COUR D'APPEL D'ANGERS Chambre Sociale
ARRÊT N MBB/ SLG
Numéro d'inscription au répertoire général : 09/ 02485.
Jugement Au fond, origine Conseil de Prud'hommes-Formation paritaire de SAUMUR, décision attaquée en date du 24 Septembre 2009, enregistrée sous le no 08/ 00119
ARRÊT DU 21 Juin 2011
APPELANT : Monsieur Julien X......
représenté par Maître Vanessa ESTIEUX, substituant Maître Meriem BABA, avocat au barreau d'ANGERS
INTIMEE :
S. A. S. DOMAINE VINICOLE DE CHAINTRES 54 rue de Croix de Chaintres 49400 DAMPIERRE SUR LOIRE
représentée par la SCP PRIOUX-SLADEK, avocats au barreau d'ANGERS
COMPOSITION DE LA COUR :
En application des dispositions de l'article 945-1 du code de procédure civile, l'affaire a été débattue le 10 Mai 2011, en audience publique, les parties ne s'y étant pas opposées, devant Madame Marie-Bernard BRETON, conseiller chargé d'instruire l'affaire.

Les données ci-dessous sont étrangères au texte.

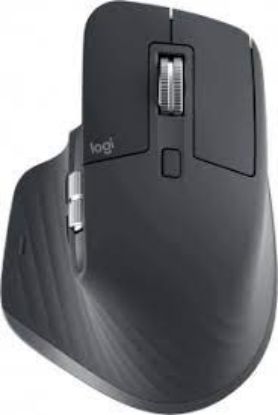 Logitech 910-006559 MX Master 3S Kablosuz Siyah Performans Mouse   resmi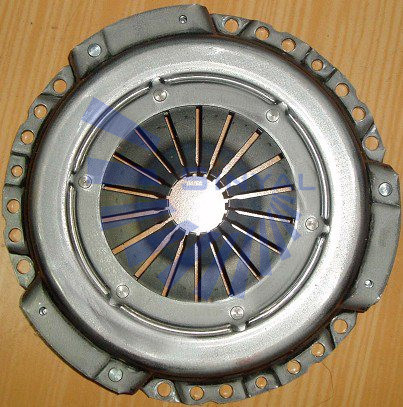 3082068631 Kupplungsdeckel 180*125*204 AUDI HC/HB GS/GF GT FA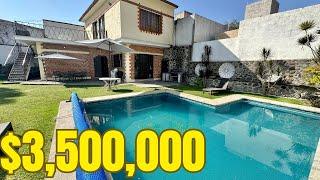 Casa en venta en Morelos SOLA 3 de mayo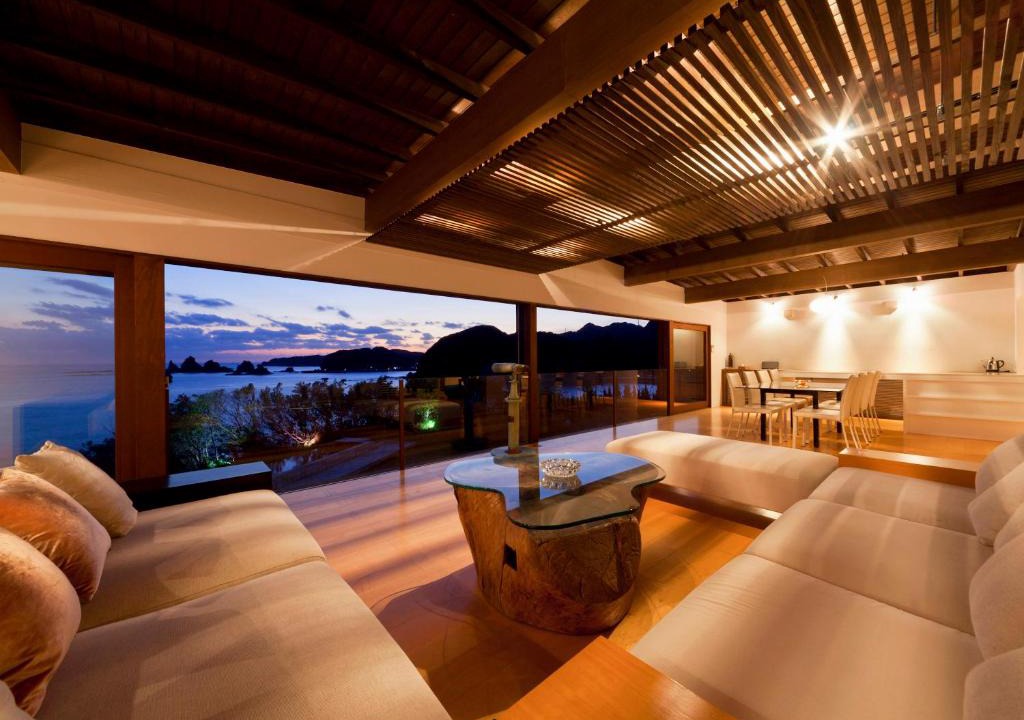 Minamiizu Villa | Hamabe Ose
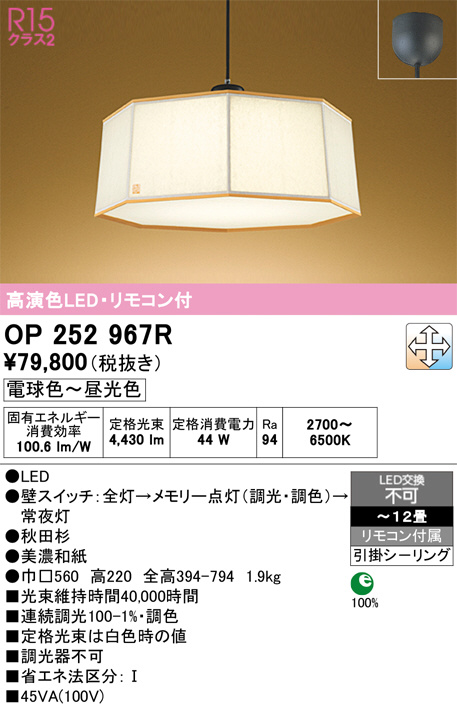 OP252967R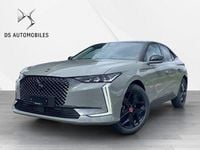 Gebraucht DS Automobiles DS4 Performance 131 PS (96 kW) 2024 Grau Limousine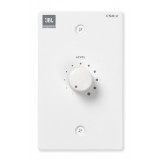 JBL CSR-V White Volume Control
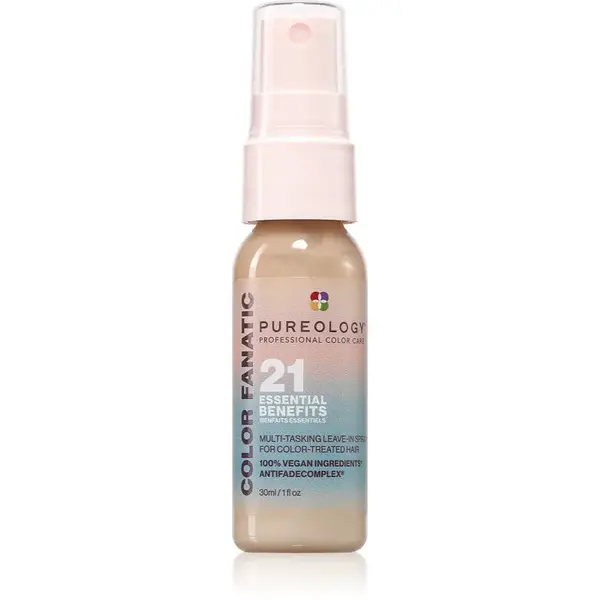 Pureology Color Fanatic bezoplachový sprej pre ženy 30 ml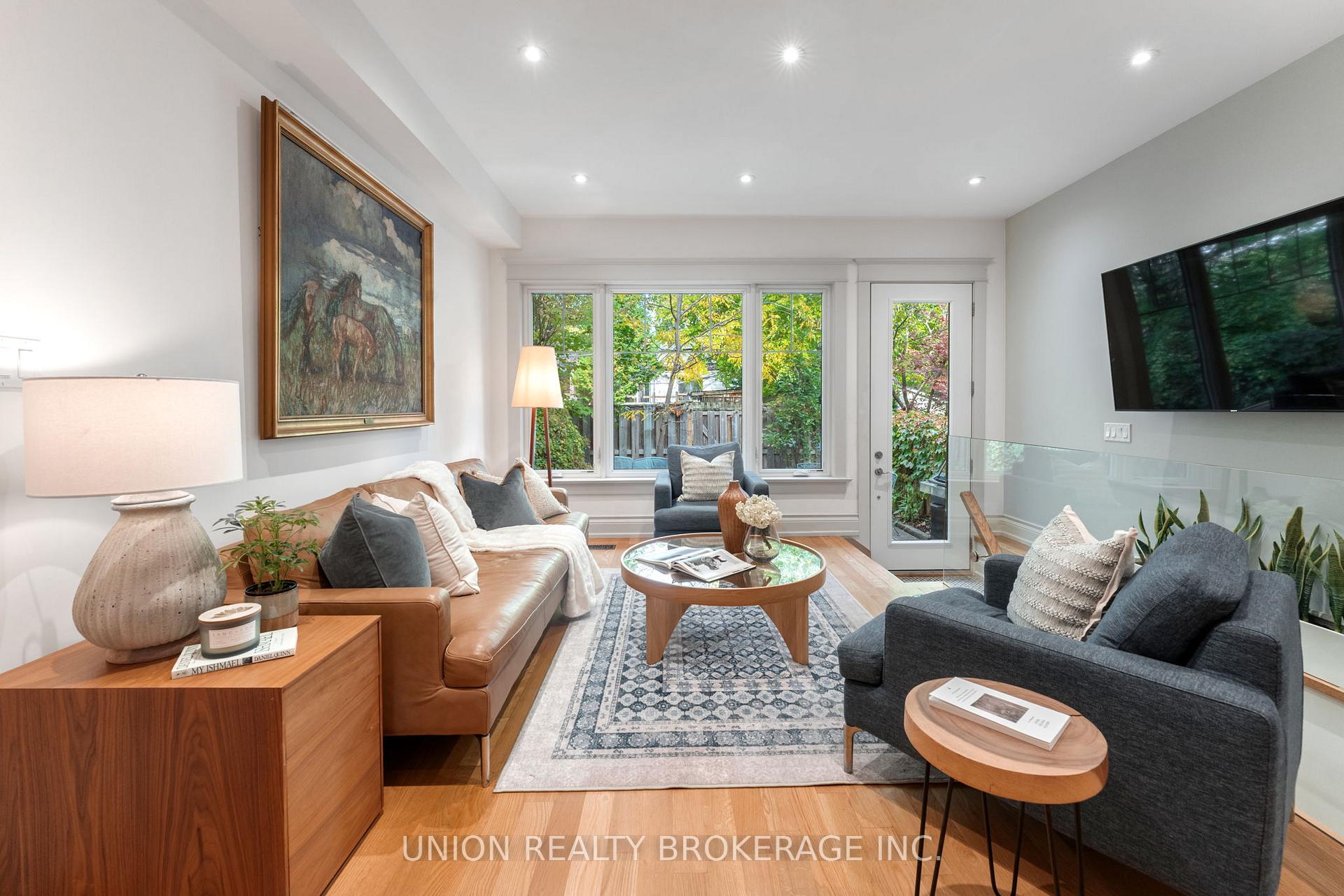 Photo 14 of 36 Hunter Street, Toronto, Blake-Jones — HOMEH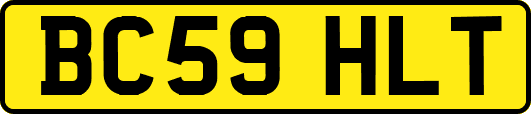 BC59HLT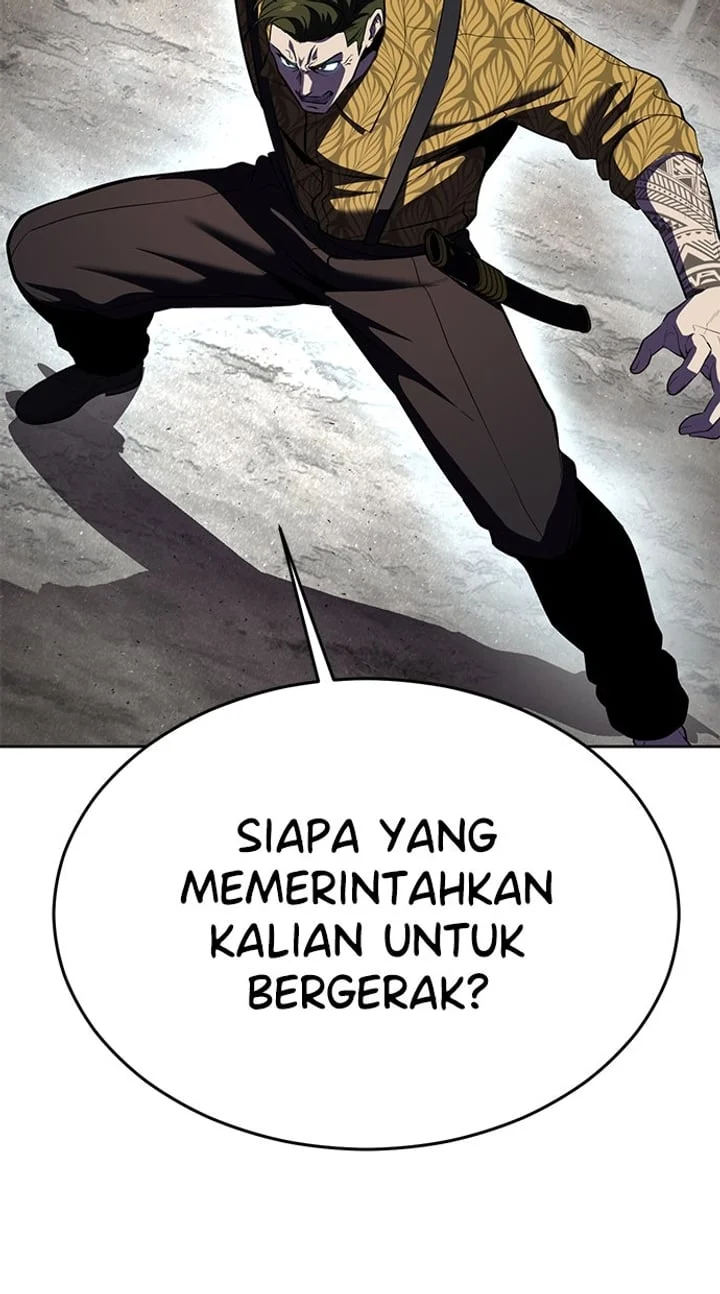 The Boy of Death Chapter 277 Gambar 52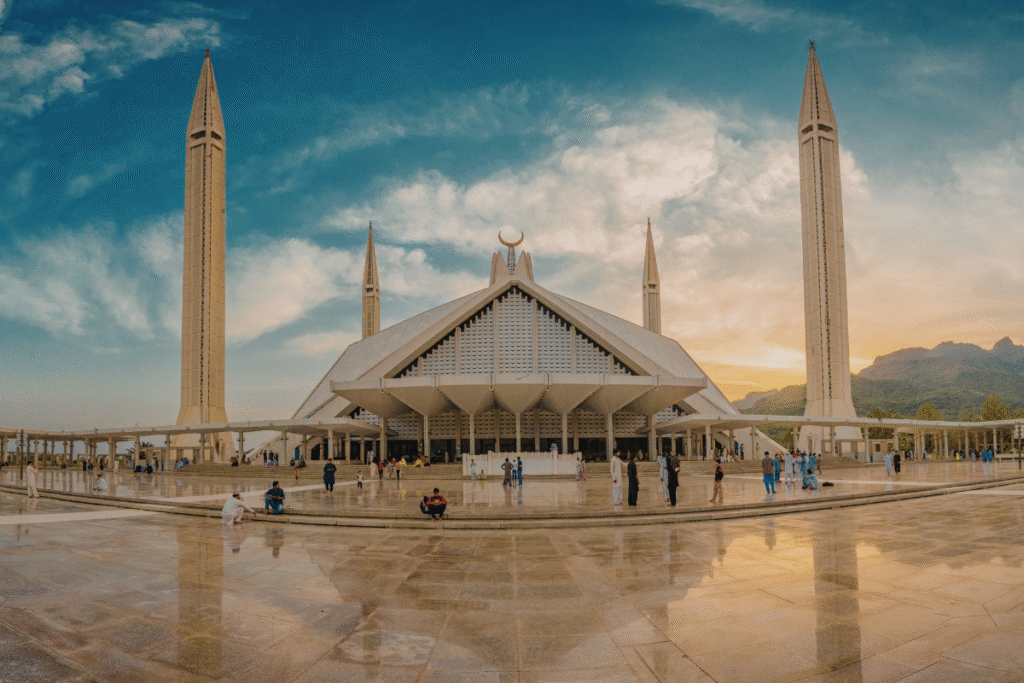 Islamabad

Ce magistrat a rendu compte des plaidoiries dans le délibéré de la cour, composée de : Madame Marie-Bernard BRETON, président Madame Brigitte ARNAUD-PETIT, conseiller Madame Anne DUFAU, conseiller
Greffier lors des débats : Madame LE GALL,
ARRÊT : prononcé le 21 Juin 2011, contradictoire et mis à disposition au greffe de la cour, les parties en ayant été préalablement avisées dans les conditions prévues au deuxième alinéa de l'article 450 du code de procédure civile.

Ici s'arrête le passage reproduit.